- **WORK TO COMPLETE**
Where a picture appears, skip it and copy everything else in the listing exactly.

- **DATA SHOWN**
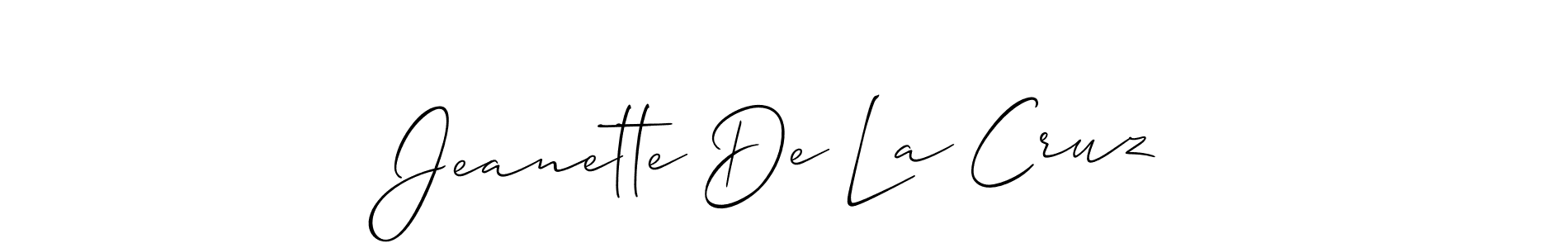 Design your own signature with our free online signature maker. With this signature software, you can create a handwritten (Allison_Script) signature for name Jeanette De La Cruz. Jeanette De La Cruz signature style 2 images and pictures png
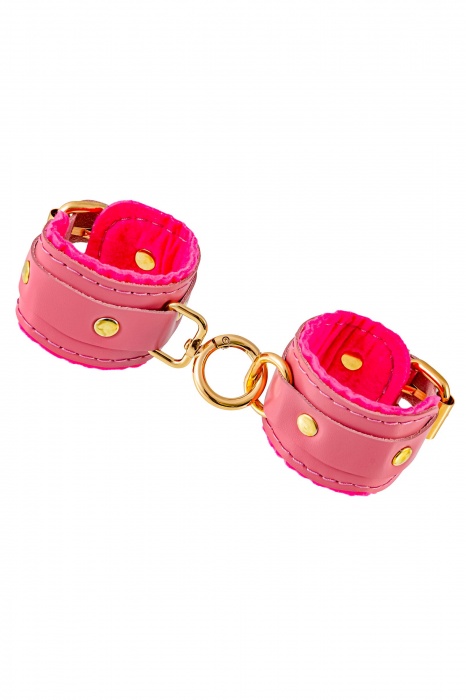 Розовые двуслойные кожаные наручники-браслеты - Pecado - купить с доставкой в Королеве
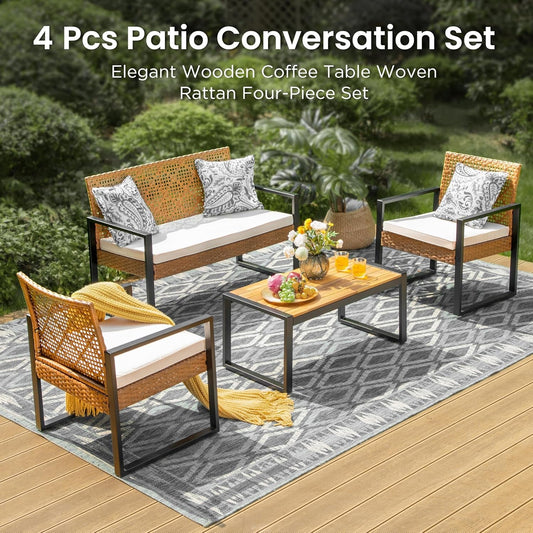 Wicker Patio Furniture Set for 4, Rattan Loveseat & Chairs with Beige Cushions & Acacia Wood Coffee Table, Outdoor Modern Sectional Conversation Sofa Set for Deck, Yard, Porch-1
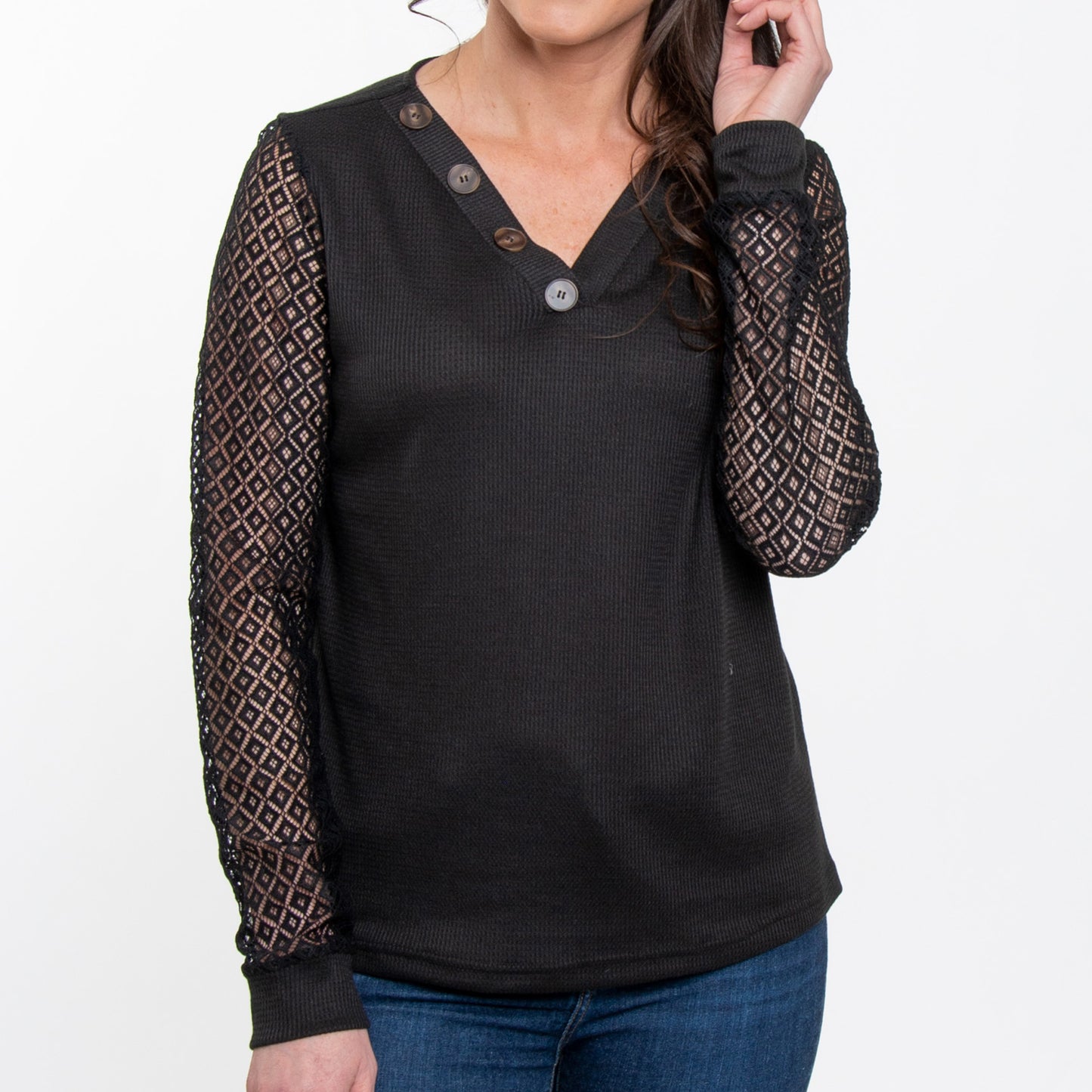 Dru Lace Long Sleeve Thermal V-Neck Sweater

- **RESPONSE TO THE EXERCISE**
 Design your own signature with our free online signature maker. With this signature software, you can create a handwritten (Allison_Script) signature for name Jeanette De La Cruz. Jeanette De La Cruz signature style 2 images and pictures png
 Розовые двуслойные кожаные наручники-браслеты - Pecado - купить с доставкой в Королеве
 Wicker Patio Furniture Set for 4, Rattan Loveseat & Chairs with Beige Cushions & Acacia Wood Coffee Table, Outdoor Modern Sectional Conversation Sofa Set for Deck, Yard, Porch-1
 Dru Lace Long Sleeve Thermal V-Neck Sweater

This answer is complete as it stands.